Trump's son Donald Jr. even went so far as to compare Syrian refugees to poisoned candy: "If I had a bowl of Skittles and I told you just three would kill you, would you take a handful? That's our Syrian refugee problem."
Now Trump is apparently so deeply shaken by images of dead and dying children that he has ordered an attack on the Syrian government, even though his "Muslim ban" sought to put those same innocent children in harm's way. Such a fact appears lost on Trump and his enablers.
This military action comes at a time of dangerous instability in the State Department. Because of Trump's desire for chaos, confusion and political score settling, hundreds of key diplomatic and other administrative posts remain unfilled in the State Department and elsewhere in the executive branch. Secretary of State Rex Tillerson is a man with no diplomatic experience, other than leading a multinational corporation and serving its desire for maximum profit by any means necessary. Tillerson did not want to be America's chief diplomat, according to reports. His wife, a Christian fundamentalist and "prayer warrior," apparently told Tillerson it was "God's plan" that he assume the office.

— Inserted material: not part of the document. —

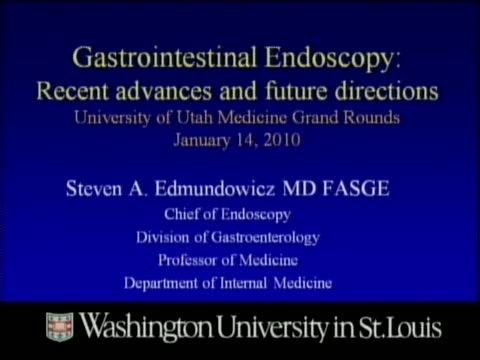 Grand Rounds: 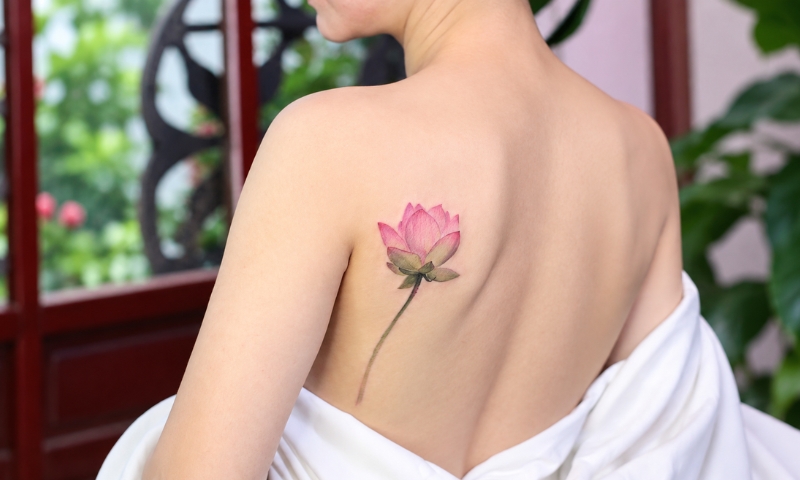 Trải nghiệm dịch vụ xăm tả thực uy tín tại K Tattoo Trải nghiệm dịch vụ xăm tả thực uy tín tại K Tattoo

To this point, Tillerson's leadership has demonstrated his lack of credentials, interest and expertise in foreign affairs. In response to North Korea's launch of a medium-range ballistic missile on Tuesday, he issued a curt and puzzling statement: "The United States has spoken enough about North Korea. We have no further comment."

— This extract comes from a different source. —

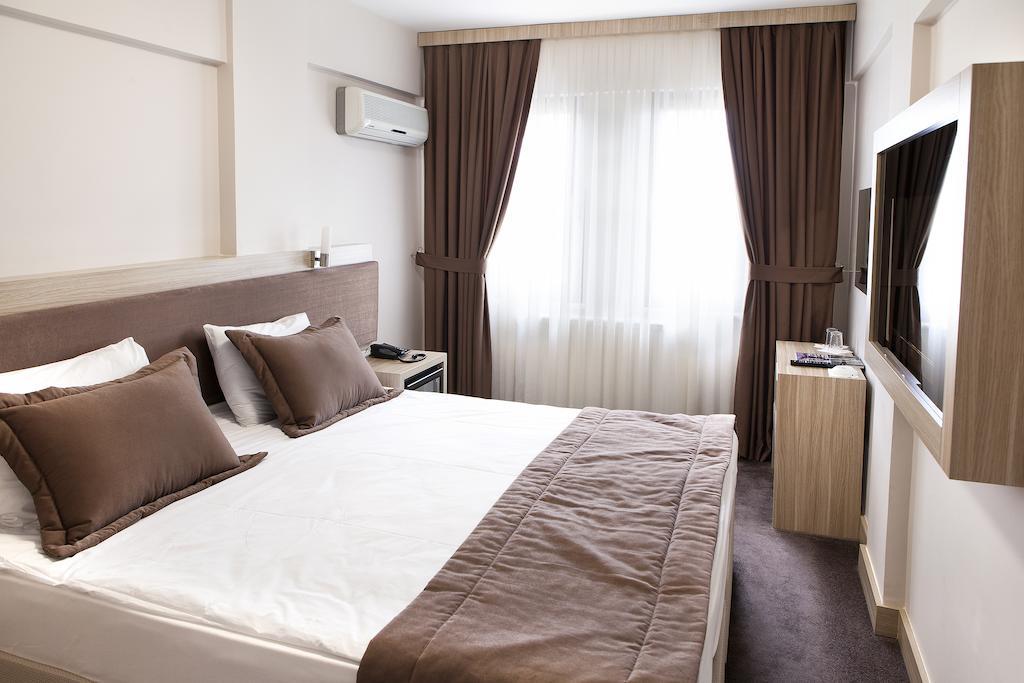 Hotel Emge Provincia di Provincia di Istanbul Camera foto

The role of commander in chief is a crucible that reveals a person's core character and temperament. What do we know about Donald Trump? He is a mendacious liar and a bully. He is proudly ignorant of public affairs and other matters. He is vainglorious, easily manipulated, hyperemotional, detached from reality, mercurial, petty, and according to psychologist Philip Zimardo, an"unconstrained, unbridled present hedonist.”
Trump's popularity among the American public is near record lows for a president at this point in his first term. Is Trump attacking Syria and expanding the war in the Middle East so as to gain a boost in the polls and distract the public and the news media from the growing Russia scandal? It is a sign of how little trust Trump and his administration have earned that such a question must be seriously contemplated.
The president's decision to order an attack on Syria is but one more reminder of how his presidency (and indeed his entire public life) has been a spectacular performance of the worst aspects of our common humanity. He is a carnival-show barker and pitchman who talks the rubes into the tent before selling them snake oil. He is a confidence man out of Mark Twain's novel "Pudd'nhead Wilson." He is like the host of a late-night infomercial who beckons the desperate and greedy to buy into a pyramid scheme. He is also a lot like a professional wrestling villain who knows how to get "cheap heat" from the crowd.
Trump resembles a character in a science fiction pulp magazine from the 1950s or an episode of "The Outer Limits" or "The Twilight Zone." In many ways, he is the literal embodiment of a scenario pulled from science fiction author Robert Heinlein's "Future History" series. Writing for The Huffington Post, William Bradley explained:
In his "Future History" series, Heinlein did point to a presidential election which occurs right about, well, now as the moment in which the United States falls into “a dictatorship of superstition.” The cause? The election, during the nation’s most tempestuous and combustible of campaigns, of an anti-intellectual, anti-science, anti-foreigner populist appealing to racists and fundamentalist Christians and uber-rich reactionaries who wins a narrow victory. In the last presidential election for 75 years.
The war in Syria is an international crisis and humanitarian disaster. It is also a highly combustible and dangerous situation given the influence of Russia and ISIS in the region. Instead of having a steady hand provided by competent and predictable leadership, the United States has as its leader a clown-king who wanted the title, the money, the fame and the honorifics but was ill-prepared for a job that by most indications he may not have wanted to begin with — except perhaps as a means of filling both his personal and family's coffers.
This is the embarrassing moment at which we have arrived as a nation. If you are not frightened and deeply worried by Donald Trump's actions on the world stage, it can only mean you have not been paying attention. In all, this is both a tragedy and a farce. Either way, Trump may now have his own version of what former Secretary of State John Hay described in 1898 as "a splendid little war."